5. The Roches, "Here We Come a Caroling," lyrics here

This song is 19th century in origin. It was one of the Christmas carols that poor people, beggars, and orphans would sing as they went door-to-door to the houses of the well-to-do. In exchange, they would often be offered a bit of food or drink, or a penny, or sometimes just the opportunity to warm themselves by the fire. You hear references to those things in the lyrics: "Bring us out a mouldy cheese/And some of your Christmas loaf" and "Pray think of us poor children/Who wander in the mire."

This version of the song is from what is perhaps my favorite Christmas album ever, The Roches' We Three Kings.

6. Brian Wilson, "We Wish You a Merry Christmas," lyrics here

Another of the caroling songs, this one is goes back to the 16th century. However, "We Wish You a Merry Christmas" seems a good deal less polite than "Here We Come a Caroling." Am I wrong to detect menace in the "We won't go until we get some" refrain? This is a song that certainly seems to bring out the subversive and carnivalesque potential of this holiday.

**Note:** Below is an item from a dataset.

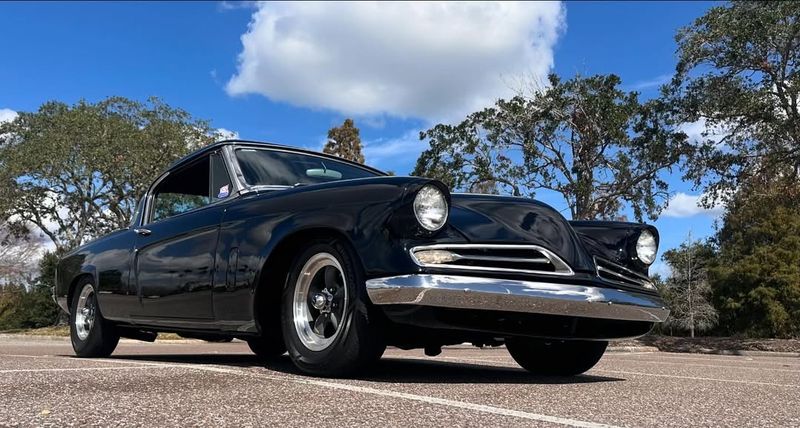 1953 Studebaker Commander Starliner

7. Steeleye Span, "Gower Wassail," lyrics here

My final next-to-last selection is another caroling song. Apparently, the "Gower Wassail" is a traditional Welsh folk song; the English folk rock band Steeleye Span recorded this version of it in 1971. Rarely do I have any patience whatsoever for rock songs with medieval pretensions -- I associate this genre of rock with Spinal Tap-type ridiculousness. But this song is one case where a rock band's cover of an (apparently) medieval folk song actually works. The guitars and pounding drums lend a propulsive tension and urgency to the song. This heightens the drama and desperation illustrated by lyrics such as "we poor wassail boys so weary and cold" and "And if we survive for another new year."

 8. (Added) James Brown, "Santa Claus Go Straight to the Ghetto," lyrics here

A reader reminded me of this one, which I'd forgotten about. I shouldn't have. James Brown riffs on the racial politics of Santa Claus.

Have a wonderful holiday, everyone! And while you're sitting at the dinner table scarfing down turkey or Chinese food or whatever your ritual Christmas feast is, ponder this: it's not only these, and other, Christmas songs that deal with inequality. Some of the most enduringly popular Christmas-themed films and novels -- It's a Wonderful Life, A Christmas Carol -- also center on this theme. There's a clear sense that Scrooge and Mr. Potter have too much, and the Cratchits and the citizens of Bedford Falls have too little.

Why is that, do you think? Inequality is hardly a new concern. People have long cared deeply about this subject and been troubled by it. They may not have identified it as "inequality," per se. And they may have believed the solution to the problem to be personal or spiritual rather than political. Research shows that human beings have a strong preference for economic fairness. Throughout history, economic inequality been a central human concern -- no matter how energetically some people may try to convince you, and perhaps themselves, that it doesn't matter.